Worries about high debt levels in Spain hurt the euro on Thursday, driving it to a three-week low against the dollar and causing the Swiss National Bank to step in as the franc broke through a ceiling the Swiss central bank set against the common currency last year.

Spanish borrowing costs rose as investors, following a poor debt auction on Wednesday, became increasingly nervous about the country's ability to meet budget targets that could mark another escalation of the euro zone debt crisis.

A U.S. government report showing the number of Americans lining up for new jobless benefits fell to the lowest level in nearly four years last week only added to the dollar's allure against the euro.

The U.S. outlook was in sharp contrast with Europe and Britain where separate reports showing German industrial output fell more than expected in February and British factory output suffered its biggest monthly fall in almost a year.

Bad numbers out of Germany and the UK gives you a weaker euro, said Joseph Trevisani, chief market strategist at Worldwide Markets in Woodcliff Lake, New Jersey. It pushes the ECB to the necessity of supporting the economy again, which in this case means more access to cheap money.

Against the dollar, the euro was down 0.7 percent at $1.3052, having hit a three-week low of $1.3038. It also hit its lowest in four weeks against the yen at 106.86 yen before recovering slightly to trade at 107.23 yen, down 1 percent.

SNB BUYS

Broad euro selling saw the single currency dip below 1.20 Swiss francs for the first time since the SNB set that level as a cap for the Swiss currency in September 2011 in a bid to curb a sharp rise caused in part by investors fleeing the euro.

The euro hit a low of 1.1992 francs, according to Reuters data, before recovering, with traders saying the SNB was seen buying euros around 1.20. An SNB spokesman said the bank would do all it could to defend the cap.

It recovered to last trade at 1.2019 francs, down 0.1 percent. Traders said the SNB's determination may make investors wary of testing their resolve again, but renewed euro zone debt worries may mean the central bank will have to step in again.

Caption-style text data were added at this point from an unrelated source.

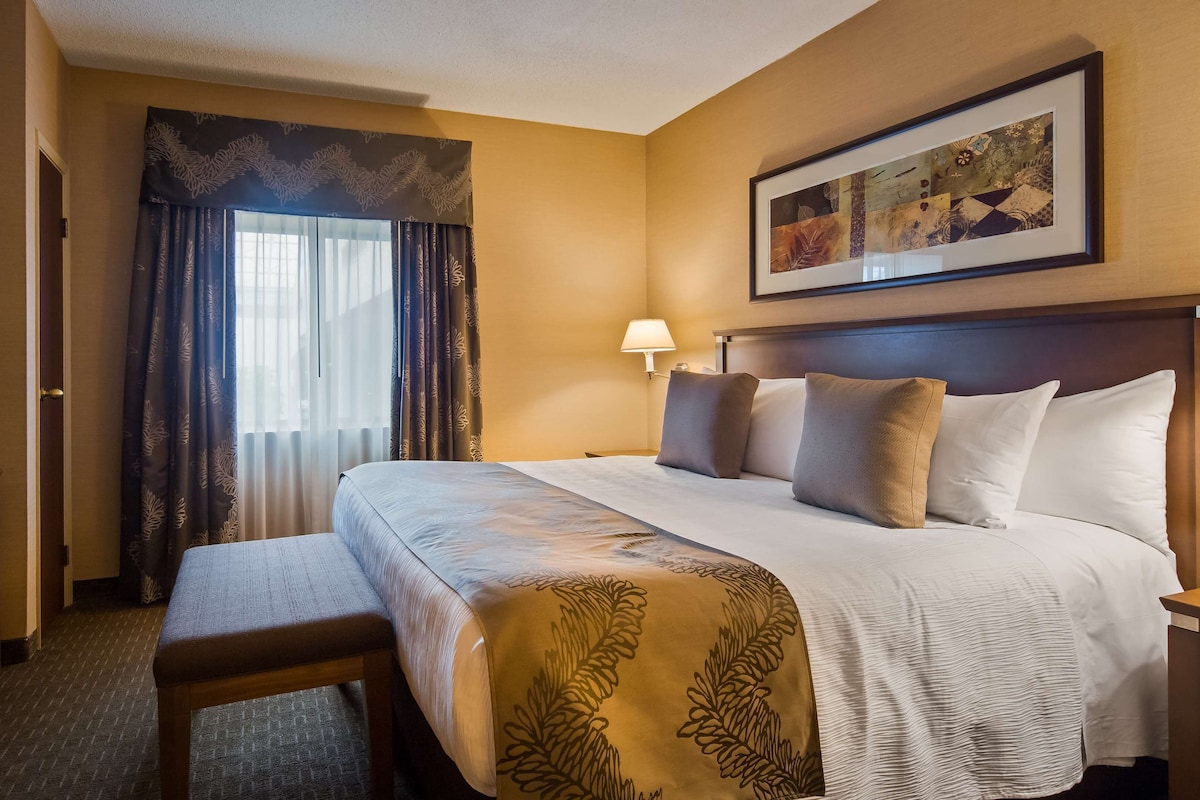 A hotel room with a bed, a bench, a dresser, a window with curtains, a wall-mounted lamp, and a framed picture.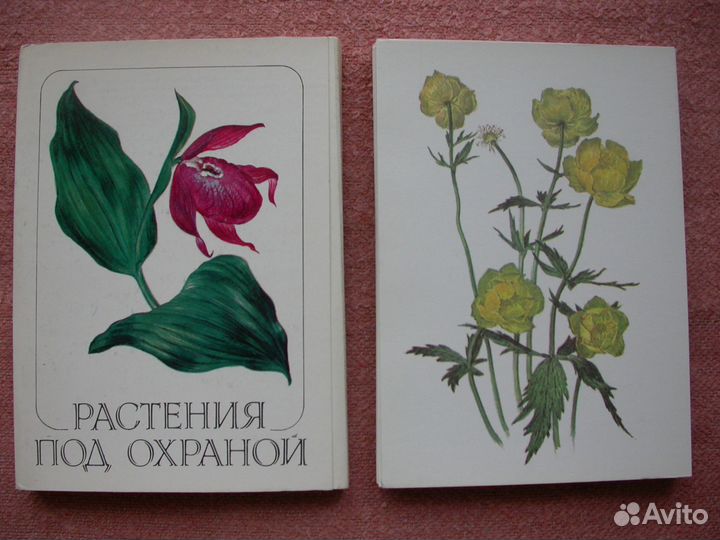 Открытки Флора и Фауна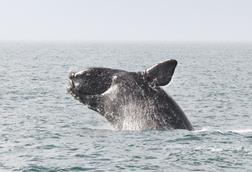 north-atlantic-right-whale-1-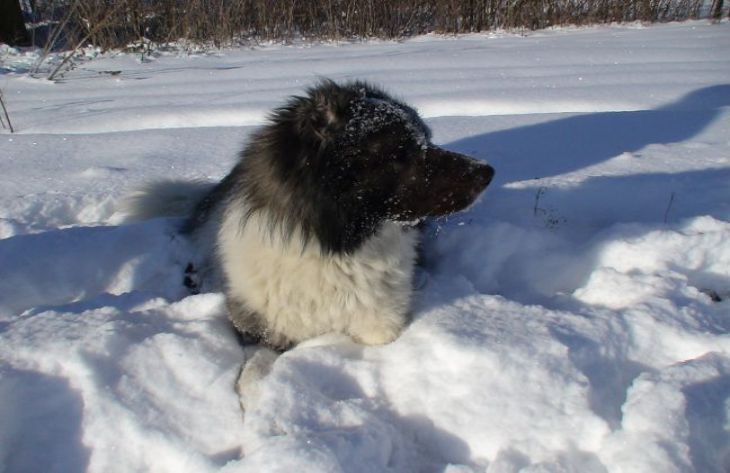 Why Do Dogs Like Having Their Belly Petted? Experts List Reasons dog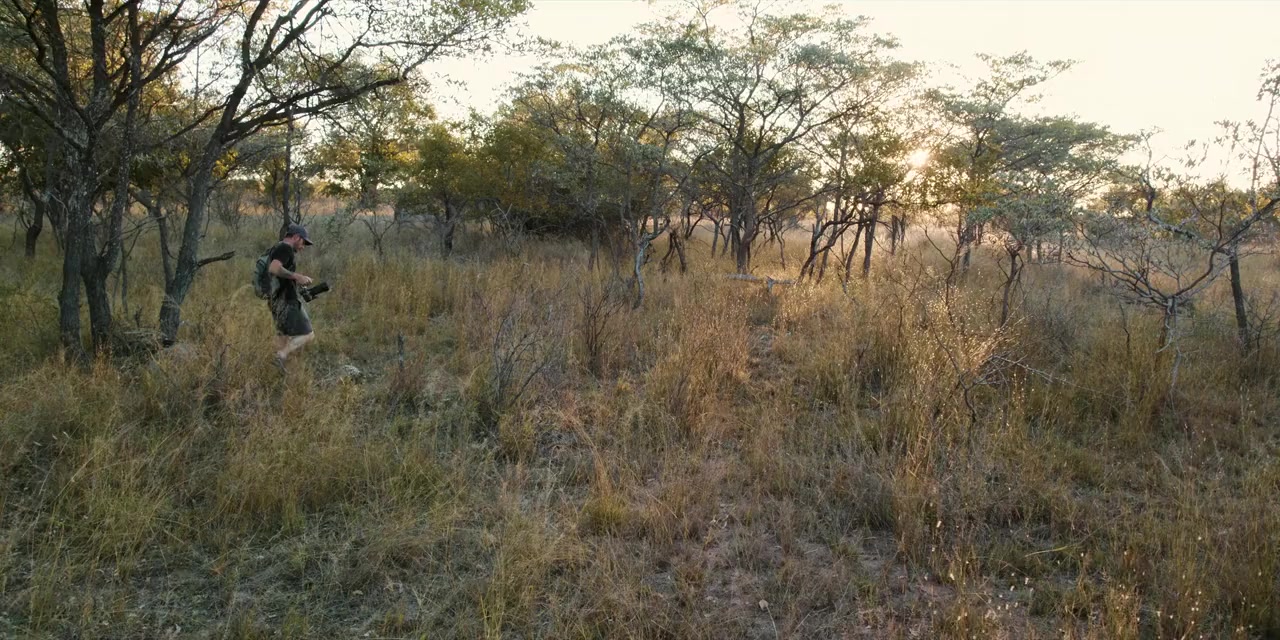 Кадр 1 з Панголін: Подорож Кулу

Until now the market has been doing the SNB's work for it if there was any dip towards the 1.2000 level, buying any dip as they believed the downside to be limited because they assumed the SNB would aggressively defend it, said Richard Wiltshire, chief FX Broker at ETX Capital in London.

If this mood ceases to prevail then market forces may dictate they have to get involved again.

Earlier in the day, RBC Capital Markets said the Swiss National Bank had bought about 1 billion euros against the francs.

Given the SNB's reserves are 50 percent in euros, 25 percent in dollars, 9 percent in yen, 5 percent in sterling, 4 percent in the Canadian dollar and 4 percent in other currencies, the bank said half that 1 billion euros can stay in euros but the rest will have to be recycled into the other reserve currencies in the same proportions.

EURO WOES

The renewed rise in Spanish government bond yields followed Wednesday's poorly received debt auction, with traders worrying that the positive impact from the European Central Bank's two low-interest, three-year funding extravaganzas may be coming to a screeching halt.

If we continue to see Spanish yields pushing out, the euro should broadly come lower and I'm happy to stick with a short position for now, looking to take profit near $1.3000, said Jeremy Stretch, head of currency strategy at CIBC in London

There's a realization that structurally the periphery of Europe remains under extreme stress.

After holding interest rates at a record low of 1.0 percent on Wednesday, European Central Bank President Mario Draghi said downside risks to the economic outlook prevailed and dismissed talk of an exit strategy from accommodative policy measures.

Traders reported thin market conditions ahead of the Easter holidays and the U.S. non-farm payrolls report on Friday.

The U.S. economy is expected to have added 203,000 jobs last month, after February's non-farm payrolls rose 227,000.